To qualify for a second qualifying event extension of coverage, the second event must:

  • Occur during the initial SEBB Continuation Coverage (COBRA) period resulting from termination of employment, reduction of hours, or the retiree’s loss of SEBB retiree insurance coverage due to termination of employer group participation with SEBB insurance coverage; and
  • Cause a qualified beneficiary* to lose coverage under SEBB Program rules if the first qualifying event had not occurred. This includes:
    • The employee’s death.
    • Divorce.
    • Termination of a state-registered domestic partnership.
    • The dependent child loses eligibility for coverage under the SEBB Program rules.

Note: The second qualifying event extension is not available when an employee becomes entitled to Medicare after their termination of employment or reduction of hours. However, the employee and covered dependents that are not entitled to Medicare may remain enrolled in COBRA for the duration of the SEBB Continuation Coverage (COBRA) period.

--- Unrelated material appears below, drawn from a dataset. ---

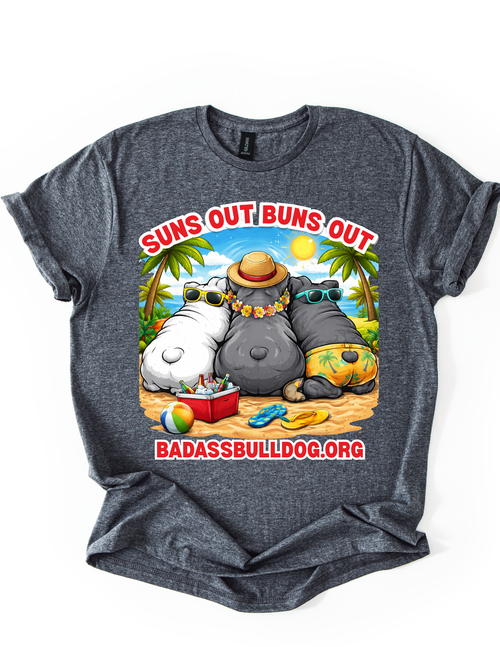 BABR Summer Shirt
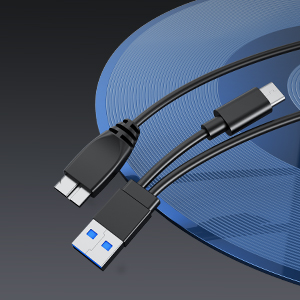  External Blu-ray DVD Drive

Eligible dependents must have been covered under the plan on the day before the first qualifying event. Newborns or adopted children added after the first qualifying event are also eligible for the second qualifying event extension.

To request a second qualifying event extension, you or your qualified beneficiary must provide notice of the qualifying event to the SEBB Program in writing and provide information as noted in What information is needed to provide notice of a qualifying event no later than 60 days after the last of the following events:

  • The date of the second qualifying event.
  • The date the qualified beneficiary would lose coverage under SEBB Program rules as a result of the second qualifying event.
  • The date the SEBB Program mails a SEBB Continuation Coverage Election Notice to the qualified beneficiary, informing the beneficiary of their responsibility and the procedures to notify the SEBB Program.

*State-registered domestic partners and their children who lost coverage due to a qualifying event as described under Who is entitled to SEBB Continuation Coverage are allowed to extend the period of continuation coverage in the same situations as a spouse or child who is a qualified beneficiary.